» **YOUR OBJECTIVE**
Your output must be the lines below from the line containing "لأوائل الثانوية العامة" to the line containing "日光街道沿いの関口酒造【埼玉県杉戸町】 123969950", both lines included, reproduced exactly and without pictures.

» **SUPPLIED DATA**

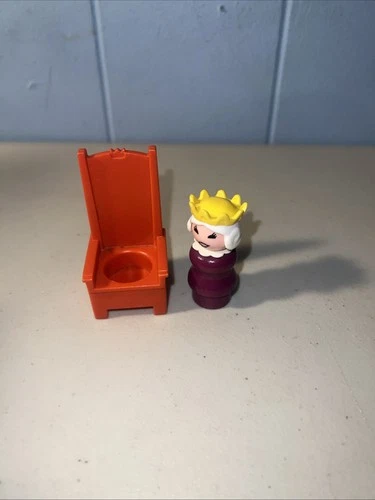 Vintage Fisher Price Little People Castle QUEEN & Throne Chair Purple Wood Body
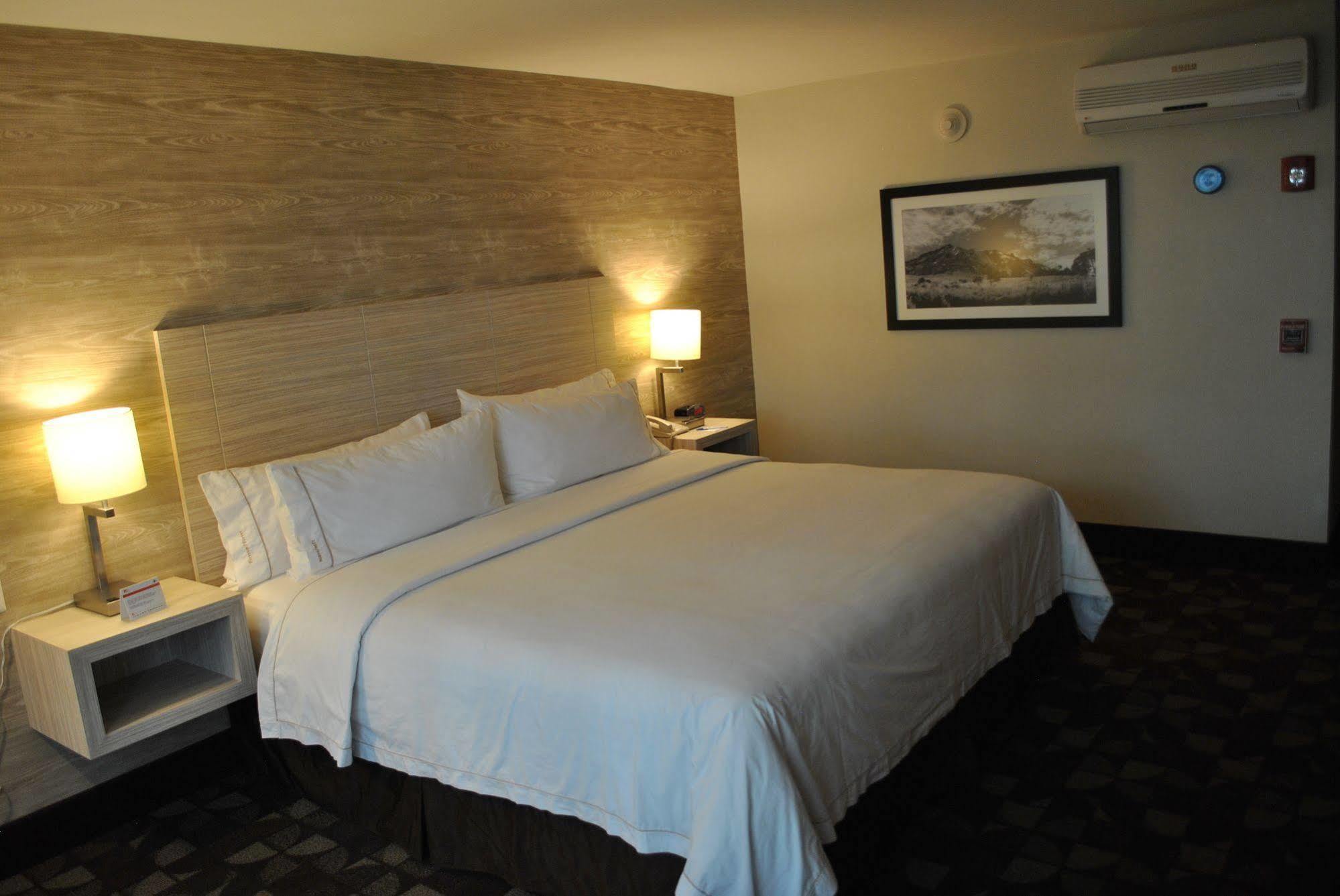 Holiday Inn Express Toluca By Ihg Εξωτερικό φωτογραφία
==
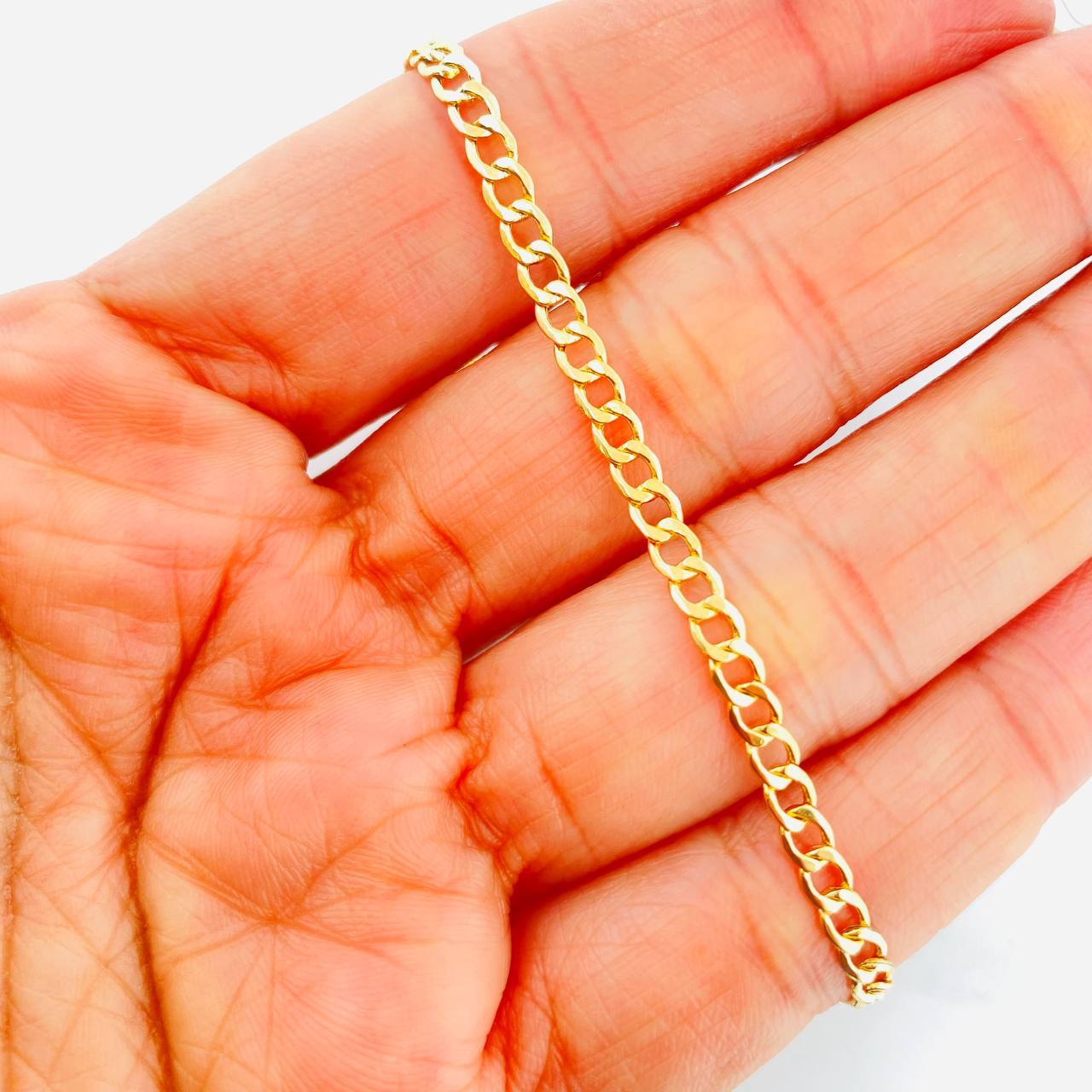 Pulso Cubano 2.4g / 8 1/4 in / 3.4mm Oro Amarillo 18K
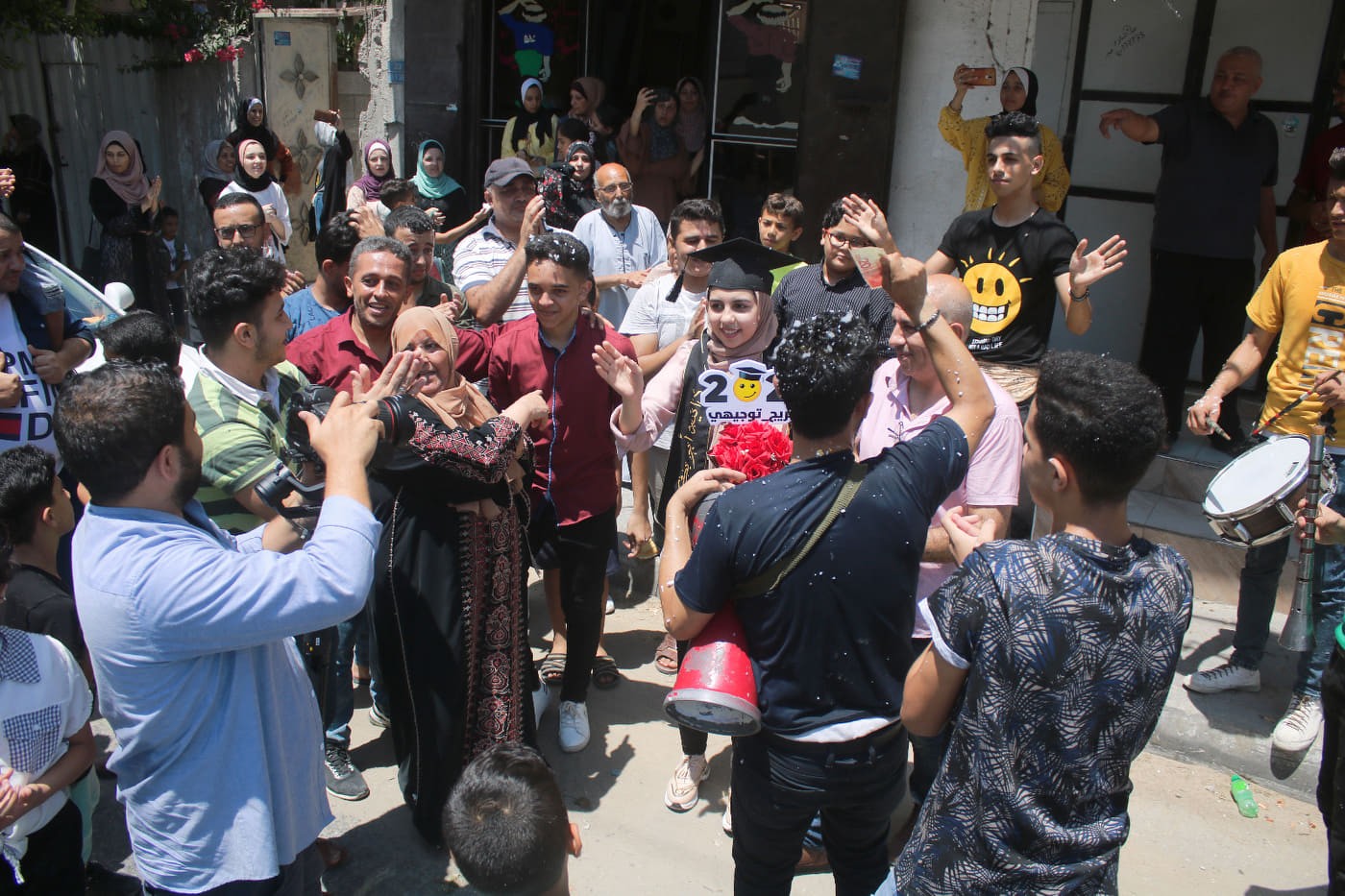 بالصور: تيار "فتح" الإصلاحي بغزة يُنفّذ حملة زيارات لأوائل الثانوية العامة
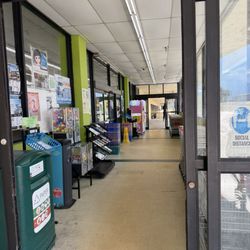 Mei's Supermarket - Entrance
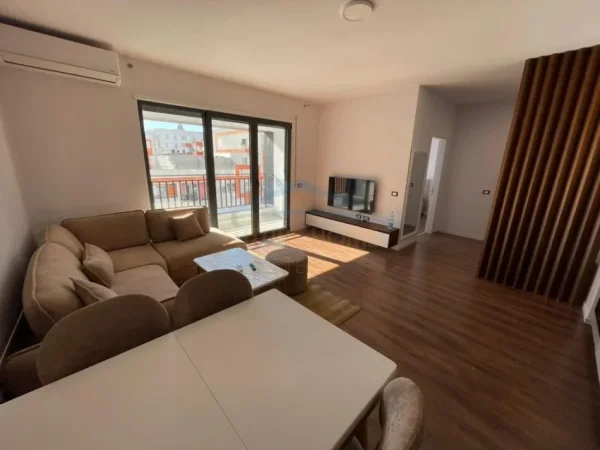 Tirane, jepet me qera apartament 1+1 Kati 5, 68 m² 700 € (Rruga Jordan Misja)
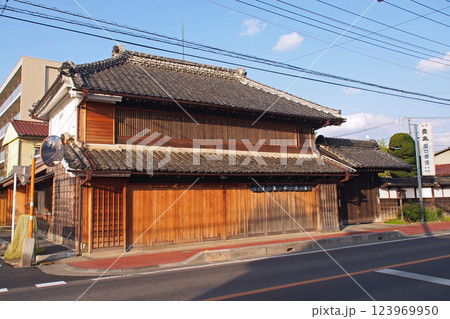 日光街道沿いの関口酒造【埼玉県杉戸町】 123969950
---
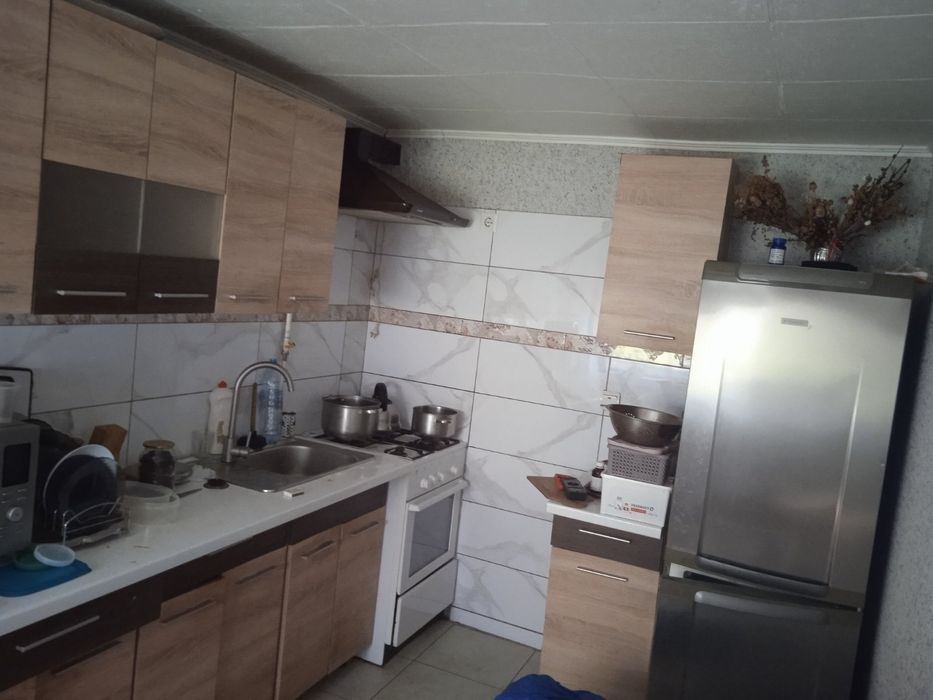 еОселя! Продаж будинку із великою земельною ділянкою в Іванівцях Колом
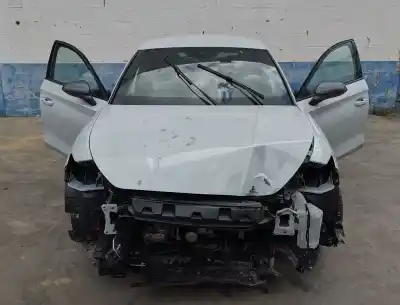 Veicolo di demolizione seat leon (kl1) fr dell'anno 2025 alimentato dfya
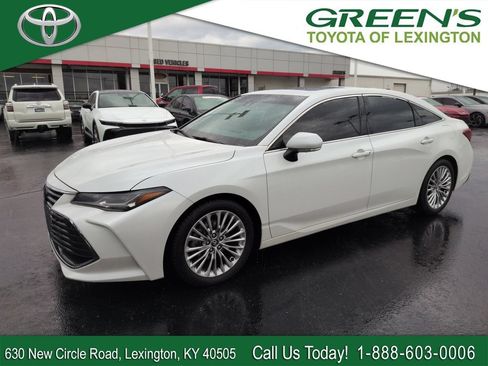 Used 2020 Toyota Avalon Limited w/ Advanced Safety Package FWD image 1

» **FINISHED TASK**
 بالصور: تيار "فتح" الإصلاحي بغزة يُنفّذ حملة زيارات لأوائل الثانوية العامة
 Mei's Supermarket - Entrance
 Tirane, jepet me qera apartament 1+1 Kati 5, 68 m² 700 € (Rruga Jordan Misja)
 日光街道沿いの関口酒造【埼玉県杉戸町】 123969950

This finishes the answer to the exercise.